Everyone says having your show cancelled is like a death but I've been dead before and at least when you're dead you don't get thrown off the Warner Bros. lot for haunting your old parking space. They probably mean it's like the death of a friend or a family member but that shit only hurts when it's YOUR friend or family member and even then it's mitigated by age, lifestyle and whether that person was a Hollywood friend or a real one and whether that family member left you money.
Losing your show is more like a surprise divorce where you get served papers in the morning and your (ex)wife is fucking Human Target by three in the afternoon using the same time slot your child was conceived in and also where she did that one thing that one time on your birthday.
I'm sure this has been everywhere already, but I just read it. And I howled...through the tears.
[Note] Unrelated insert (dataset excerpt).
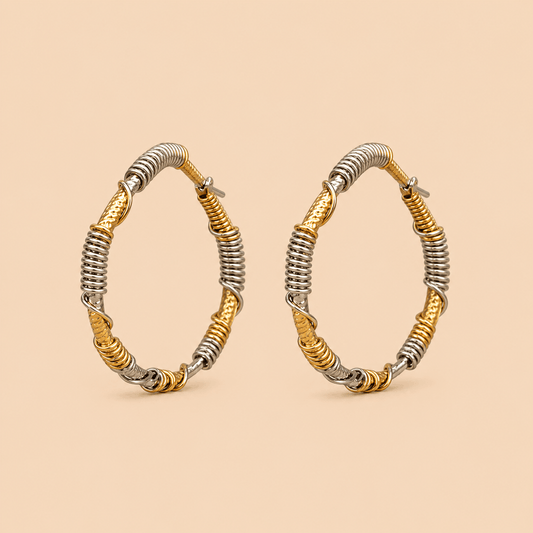 Elegant Dual-Tone Gold & Silver Hoop Earrings – Textured Statement Earrings 0028M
Josh Friedman posts the above and more about the final days of his TV series, The Sarah Connor Chronicles. Feel his pain HERE.
I've been lucky I suppose...as in, knowing ahead of time it was going to be the final season for all five TV series I was involved with at the end. We weren't cancelled as much as stopped. It didn't feel great...but it wasn't a shock either. Getting cancelled, on the other hand, gots to be a pretty tough pill to swallow.
PS A note to newbies to the media blog circles --- if you've never visited I Find Your Lack Of Faith Disturbing... Go. Now. Find Friedman's archives, start at the beginning, and treat yourself to some of the funniest insider film/tv industry reading out there...from one of the 'original six'.